PROBLEM TO WORK ON: Write out the data exactly from its first line onward, ending with the line in which "Crystal Serenity in" appears.

DATA EXTRACT:

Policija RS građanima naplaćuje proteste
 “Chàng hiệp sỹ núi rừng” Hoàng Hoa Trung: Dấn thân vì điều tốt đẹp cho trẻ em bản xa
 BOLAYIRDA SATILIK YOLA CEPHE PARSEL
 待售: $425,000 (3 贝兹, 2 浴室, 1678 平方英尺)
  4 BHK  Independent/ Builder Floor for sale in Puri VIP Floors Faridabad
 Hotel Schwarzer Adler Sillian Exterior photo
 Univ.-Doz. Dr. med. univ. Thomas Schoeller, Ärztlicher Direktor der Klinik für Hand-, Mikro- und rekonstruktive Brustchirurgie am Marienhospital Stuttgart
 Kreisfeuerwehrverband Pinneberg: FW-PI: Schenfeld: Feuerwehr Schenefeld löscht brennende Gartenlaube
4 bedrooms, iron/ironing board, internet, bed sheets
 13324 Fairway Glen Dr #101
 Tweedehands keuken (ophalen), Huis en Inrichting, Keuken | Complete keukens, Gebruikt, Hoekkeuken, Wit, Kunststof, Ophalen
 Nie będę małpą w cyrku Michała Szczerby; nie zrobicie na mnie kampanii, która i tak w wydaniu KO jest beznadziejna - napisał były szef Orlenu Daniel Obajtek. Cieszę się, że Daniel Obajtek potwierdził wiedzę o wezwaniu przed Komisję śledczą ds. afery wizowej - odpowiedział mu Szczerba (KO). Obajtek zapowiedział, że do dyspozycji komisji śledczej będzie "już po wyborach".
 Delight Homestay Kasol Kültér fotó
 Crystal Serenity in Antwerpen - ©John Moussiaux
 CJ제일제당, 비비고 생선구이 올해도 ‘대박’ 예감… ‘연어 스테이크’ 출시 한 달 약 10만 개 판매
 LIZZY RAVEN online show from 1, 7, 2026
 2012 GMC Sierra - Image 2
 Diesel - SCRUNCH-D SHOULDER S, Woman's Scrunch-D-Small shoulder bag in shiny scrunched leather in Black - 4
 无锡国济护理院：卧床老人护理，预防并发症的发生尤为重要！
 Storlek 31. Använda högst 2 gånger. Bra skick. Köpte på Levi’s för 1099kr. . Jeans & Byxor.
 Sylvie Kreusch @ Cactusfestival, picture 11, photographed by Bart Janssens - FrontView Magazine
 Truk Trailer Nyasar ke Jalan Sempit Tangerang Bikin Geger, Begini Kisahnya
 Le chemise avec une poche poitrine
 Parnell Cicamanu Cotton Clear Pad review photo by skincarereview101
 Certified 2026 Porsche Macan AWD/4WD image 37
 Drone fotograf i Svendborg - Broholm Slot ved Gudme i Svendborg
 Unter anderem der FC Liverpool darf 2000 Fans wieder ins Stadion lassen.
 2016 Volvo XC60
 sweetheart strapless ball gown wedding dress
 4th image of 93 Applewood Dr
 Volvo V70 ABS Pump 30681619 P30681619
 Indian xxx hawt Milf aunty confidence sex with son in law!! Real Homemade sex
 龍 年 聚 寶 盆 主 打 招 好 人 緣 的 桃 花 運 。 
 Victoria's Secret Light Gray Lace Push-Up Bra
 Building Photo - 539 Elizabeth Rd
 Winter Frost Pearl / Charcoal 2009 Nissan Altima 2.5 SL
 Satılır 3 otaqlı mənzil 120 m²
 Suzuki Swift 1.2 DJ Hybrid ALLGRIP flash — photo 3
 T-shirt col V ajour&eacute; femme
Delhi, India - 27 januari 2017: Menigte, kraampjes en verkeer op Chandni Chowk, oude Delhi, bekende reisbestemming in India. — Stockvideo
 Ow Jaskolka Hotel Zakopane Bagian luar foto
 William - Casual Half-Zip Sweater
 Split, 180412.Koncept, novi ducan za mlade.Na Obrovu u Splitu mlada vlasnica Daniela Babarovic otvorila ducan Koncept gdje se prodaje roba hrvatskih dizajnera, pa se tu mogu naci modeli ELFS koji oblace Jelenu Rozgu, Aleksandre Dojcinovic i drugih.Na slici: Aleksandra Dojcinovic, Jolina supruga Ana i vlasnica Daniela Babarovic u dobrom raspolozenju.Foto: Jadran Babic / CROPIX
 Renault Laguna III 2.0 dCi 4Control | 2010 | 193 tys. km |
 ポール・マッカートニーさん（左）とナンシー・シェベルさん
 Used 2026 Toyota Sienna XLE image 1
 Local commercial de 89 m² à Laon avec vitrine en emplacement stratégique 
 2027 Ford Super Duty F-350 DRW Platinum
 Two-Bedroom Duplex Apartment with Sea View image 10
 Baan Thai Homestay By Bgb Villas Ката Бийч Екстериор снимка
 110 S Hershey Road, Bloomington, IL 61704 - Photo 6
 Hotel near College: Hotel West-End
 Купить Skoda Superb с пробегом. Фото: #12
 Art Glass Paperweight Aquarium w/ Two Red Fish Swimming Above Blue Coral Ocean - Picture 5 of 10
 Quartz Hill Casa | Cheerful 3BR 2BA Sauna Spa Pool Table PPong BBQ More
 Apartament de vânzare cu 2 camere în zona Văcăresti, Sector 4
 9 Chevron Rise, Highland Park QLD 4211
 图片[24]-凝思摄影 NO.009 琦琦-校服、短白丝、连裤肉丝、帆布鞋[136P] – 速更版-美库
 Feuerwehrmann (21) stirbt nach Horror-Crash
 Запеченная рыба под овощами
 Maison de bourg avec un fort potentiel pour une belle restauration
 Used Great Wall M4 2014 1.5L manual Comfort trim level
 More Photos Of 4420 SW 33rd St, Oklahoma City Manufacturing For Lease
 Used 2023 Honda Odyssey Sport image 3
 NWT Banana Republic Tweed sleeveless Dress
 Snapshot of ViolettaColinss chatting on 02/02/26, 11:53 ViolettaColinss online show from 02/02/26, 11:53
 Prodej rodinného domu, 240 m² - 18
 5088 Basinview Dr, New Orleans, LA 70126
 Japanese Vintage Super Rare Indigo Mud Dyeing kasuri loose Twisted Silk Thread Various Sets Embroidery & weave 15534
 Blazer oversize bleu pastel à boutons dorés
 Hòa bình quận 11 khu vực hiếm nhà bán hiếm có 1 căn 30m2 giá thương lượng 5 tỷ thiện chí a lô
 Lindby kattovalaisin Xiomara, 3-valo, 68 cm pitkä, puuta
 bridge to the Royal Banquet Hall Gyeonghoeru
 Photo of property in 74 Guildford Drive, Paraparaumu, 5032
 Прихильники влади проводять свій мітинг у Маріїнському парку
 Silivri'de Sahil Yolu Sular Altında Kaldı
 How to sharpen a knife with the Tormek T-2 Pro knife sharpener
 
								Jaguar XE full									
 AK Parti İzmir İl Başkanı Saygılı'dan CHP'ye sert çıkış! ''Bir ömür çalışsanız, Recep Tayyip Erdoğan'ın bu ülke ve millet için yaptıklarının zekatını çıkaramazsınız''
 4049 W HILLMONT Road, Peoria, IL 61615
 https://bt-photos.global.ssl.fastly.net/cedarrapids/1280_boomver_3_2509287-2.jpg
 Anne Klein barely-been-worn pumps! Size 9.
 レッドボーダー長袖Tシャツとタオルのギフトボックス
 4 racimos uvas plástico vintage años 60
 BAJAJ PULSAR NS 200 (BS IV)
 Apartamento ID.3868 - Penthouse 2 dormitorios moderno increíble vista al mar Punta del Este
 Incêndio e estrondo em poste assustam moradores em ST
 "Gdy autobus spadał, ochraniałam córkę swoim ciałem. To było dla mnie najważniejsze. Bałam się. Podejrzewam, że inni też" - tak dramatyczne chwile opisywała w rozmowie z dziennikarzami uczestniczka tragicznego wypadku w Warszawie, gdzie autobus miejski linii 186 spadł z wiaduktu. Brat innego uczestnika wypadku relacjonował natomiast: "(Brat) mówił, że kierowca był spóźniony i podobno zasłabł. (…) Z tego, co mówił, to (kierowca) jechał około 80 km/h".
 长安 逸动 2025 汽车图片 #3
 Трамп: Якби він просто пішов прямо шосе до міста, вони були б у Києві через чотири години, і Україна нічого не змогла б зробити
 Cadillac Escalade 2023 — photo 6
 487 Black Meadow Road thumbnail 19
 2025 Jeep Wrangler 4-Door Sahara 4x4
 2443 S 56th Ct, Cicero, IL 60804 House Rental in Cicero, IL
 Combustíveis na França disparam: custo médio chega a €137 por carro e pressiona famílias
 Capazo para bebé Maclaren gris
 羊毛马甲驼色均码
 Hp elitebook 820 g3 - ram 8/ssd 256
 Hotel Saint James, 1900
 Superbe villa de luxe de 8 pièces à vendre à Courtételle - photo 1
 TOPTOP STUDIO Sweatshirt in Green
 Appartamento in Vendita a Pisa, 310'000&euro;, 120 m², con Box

SOLUTION FOR THIS PROBLEM:
Policija RS građanima naplaćuje proteste
 “Chàng hiệp sỹ núi rừng” Hoàng Hoa Trung: Dấn thân vì điều tốt đẹp cho trẻ em bản xa
 BOLAYIRDA SATILIK YOLA CEPHE PARSEL
 待售: $425,000 (3 贝兹, 2 浴室, 1678 平方英尺)
  4 BHK  Independent/ Builder Floor for sale in Puri VIP Floors Faridabad
 Hotel Schwarzer Adler Sillian Exterior photo
 Univ.-Doz. Dr. med. univ. Thomas Schoeller, Ärztlicher Direktor der Klinik für Hand-, Mikro- und rekonstruktive Brustchirurgie am Marienhospital Stuttgart
 Kreisfeuerwehrverband Pinneberg: FW-PI: Schenfeld: Feuerwehr Schenefeld löscht brennende Gartenlaube
4 bedrooms, iron/ironing board, internet, bed sheets
 13324 Fairway Glen Dr #101
 Tweedehands keuken (ophalen), Huis en Inrichting, Keuken | Complete keukens, Gebruikt, Hoekkeuken, Wit, Kunststof, Ophalen
 Nie będę małpą w cyrku Michała Szczerby; nie zrobicie na mnie kampanii, która i tak w wydaniu KO jest beznadziejna - napisał były szef Orlenu Daniel Obajtek. Cieszę się, że Daniel Obajtek potwierdził wiedzę o wezwaniu przed Komisję śledczą ds. afery wizowej - odpowiedział mu Szczerba (KO). Obajtek zapowiedział, że do dyspozycji komisji śledczej będzie "już po wyborach".
 Delight Homestay Kasol Kültér fotó
 Crystal Serenity in Antwerpen - ©John Moussiaux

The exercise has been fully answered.